Au total, il semblerait que de nombreux habitants des Bauges éprouvent un sentiment de dépossession à l'égard d'une institution dans laquelle ils pensaient avoir leur place. Le Parc ne leur paraît pas fait pour eux.

Qu'y a-t-il derrière ces critiques ? Que signifient-elles exactement ? Leur existence paraît au premier abord surprenante. En effet, les objectifs de la charte ont été définis à l'aide des élus et des acteurs concernés du territoire, et le Parc a tenu nombre des engagements qu'il y avait pris.

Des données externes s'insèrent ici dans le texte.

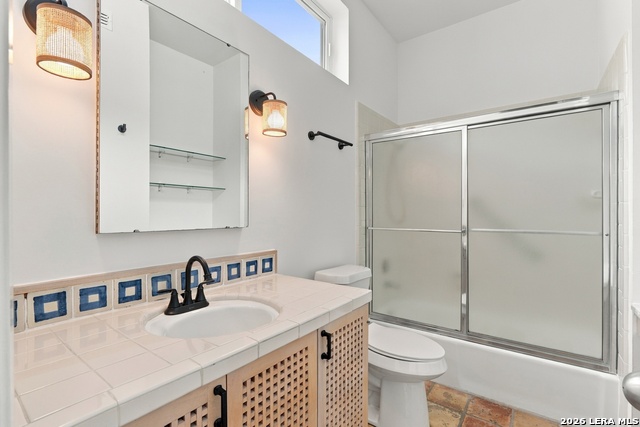 208 Grove Pl Property Photo 11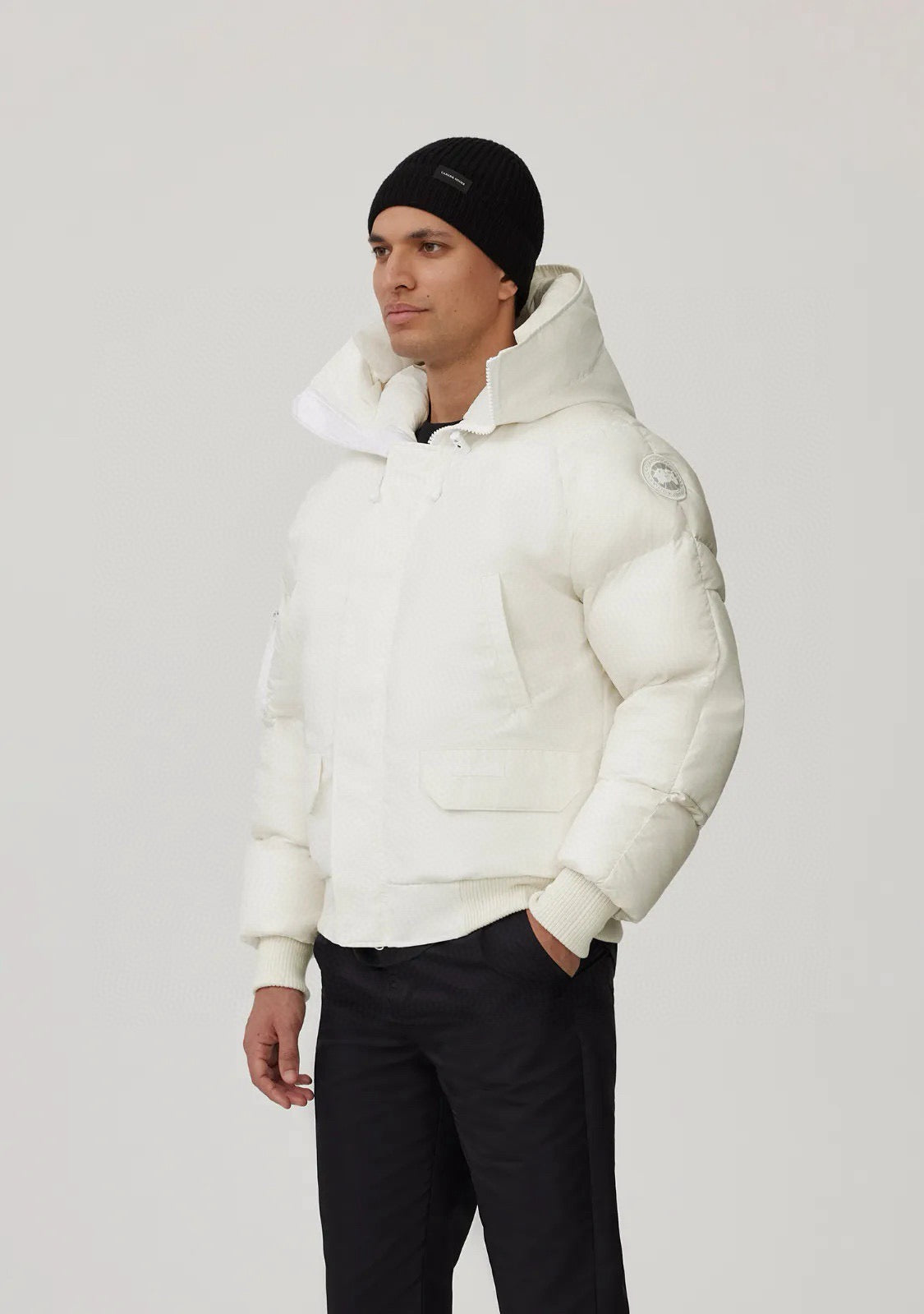 weiße und schwarze Jacke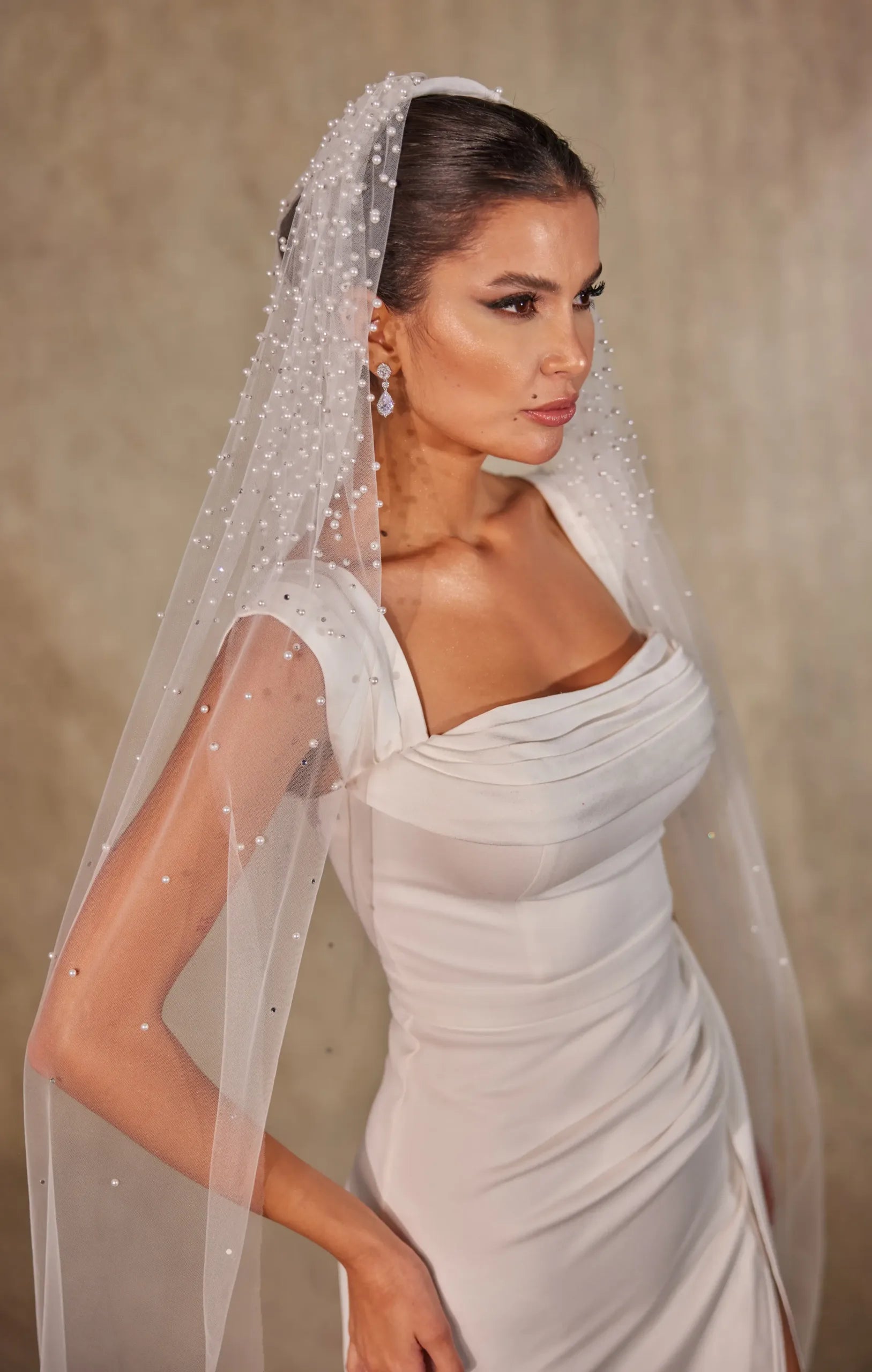 Scattered Pearl  Wedding Veil- D239 - Bridal Port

Ainsi, la tome des Bauges a obtenu une Appellation d'Origine Contrôlée en 2002. La maison faune-flore a ouvert ses portes à École. La chartreuse d'Aillon est en passe d'être restaurée. Les professionnels de différents filières ont pu se rencontrer et se fédérer, ce dont, globalement, ils se félicitent. La fréquentation touristique du massif augmente, ainsi que sa notoriété. Le canton du Châtelard continue à attirer de nouveaux habitants, et tous semblent heureux de ce nouveau dynamisme. Le Parc peut donc être considéré au vu de ces résultats comme une réussite. Pourquoi n'est-ce pas le cas aux yeux des habitants de son territoire ?

Pour mieux le comprendre, je vais étudier dans le détail quatre opérations de mise en valeur patrimoniale dans lesquelles le Parc est impliqué. Nous verrons pourquoi celles-ci suscitent conflits et controverses.

Notes
144.

Vivre en Bauges n° 8, printemps 2002.